The shape of recovery is not linear
Most people walk into recovery from depression expecting a steady climb: a little better each week until they are well. What I see, almost without exception, is that recovery does not look that way. It moves in stretches: improvements, plateaus, partial returns, dips that arrive without warning, slow gains that are easier to see in retrospect than in the moment. The expectation of a straight line is itself a setback, because it makes the ordinary shape of recovery feel like failure.
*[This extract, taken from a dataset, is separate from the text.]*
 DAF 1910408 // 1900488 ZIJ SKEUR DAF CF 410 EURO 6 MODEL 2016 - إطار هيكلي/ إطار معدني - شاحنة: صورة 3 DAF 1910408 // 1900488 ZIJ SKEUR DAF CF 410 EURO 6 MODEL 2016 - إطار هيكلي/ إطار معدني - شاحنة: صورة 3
Need help right now? Crisis 000 · Lifeline 13 11 14 · Beyond Blue 1300 22 4636 · Suicide Call Back 1300 659 467
The line we expect, and the line we get
The line most people carry in their head is straight, and it tilts upward. Each week is a little better than the last, and the difficult days disappear quickly. This picture comes from somewhere. Sometimes it is the kind of recovery a person has seen for other conditions. Sometimes it is the way depression is described in public conversation. The line in the head sets the standard against which the actual experience is measured, and the gap between the expectation and the experience is itself one of the things that makes the difficult patches harder to bear.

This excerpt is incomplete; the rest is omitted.